Car « l'homme », lorsqu'il était « enfant », a été élevé par un couple étrange, « Les Ténébreux », frère et soeur en réalité, victimes durant leur enfance d'expériences scientifiques nazies, et ayant perdu, dans les camps, leur part d'humanité. Enfant adopté d'origine indienne, Antoine a été élevé sans amour, et instrumentalisé pour accomplir une mission barbare, que l'on devinera peu à peu.

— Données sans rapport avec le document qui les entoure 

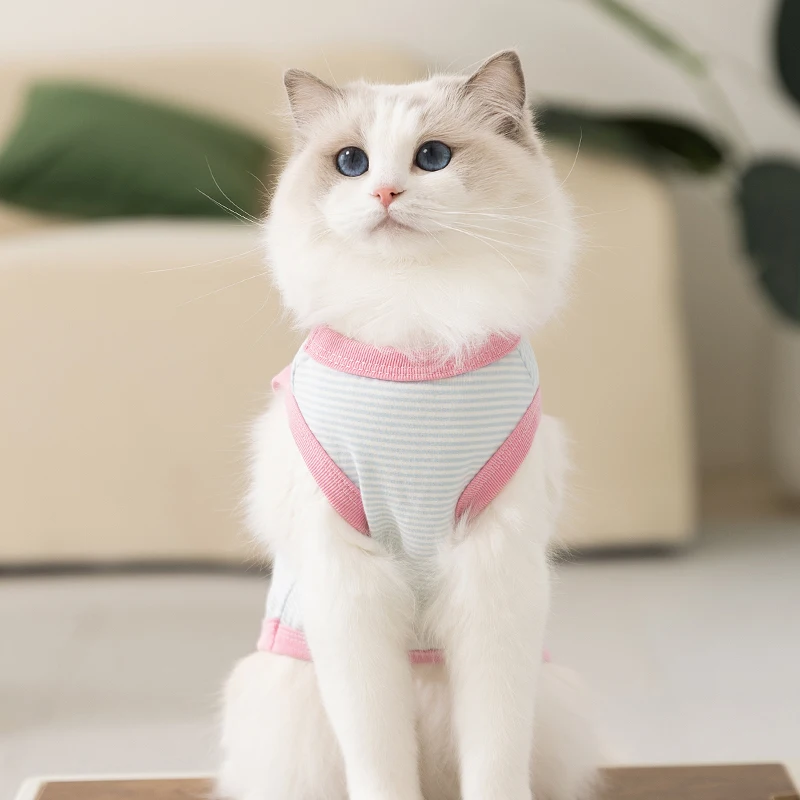 猫飼いが買ってよかったもの・悪かったもの正直に言う | 軽量かつ抜け毛防止の夏用全棉ベスト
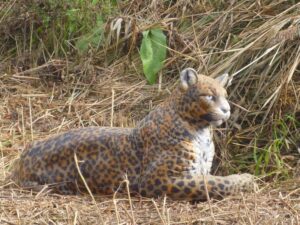 LEOPARD AU REPOS WF 41P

Pour purger sa mémoire et son coeur - la lettre d'un cardiologue semble avoir été déterminante dans sa décision de partir -, Antoine va devenir un homme qui marche, et dans sa traversée de la France, de Saint-Malo aux Saintes-Maries-de-la-Mer, fera des rencontres déterminantes, qui vont le réconcilier peu à peu avec son passé et lui-même.
Si je me conformais à l’usage de la critique contemporaine, je me tairais sur ce roman qui ne m’a pas plu… Et pourtant, c’est un livre d’une certaine qualité. Fabienne Juhel d’abord : j’avais apprécié son roman précédent, L’Angle du renard (2009), je retrouve sa tendresse pour les personnages, son style teinté de noirceur et de sensualité, son écriture nerveuse et précise. Mais elle est passée (sans me prévenir !) d’une vision réaliste du monde au surnaturel, son roman est un conte merveilleux et là, désolé, je ne marche pas. Question de goût, j’aime le réel dans la fiction et je coince sur le fantastique.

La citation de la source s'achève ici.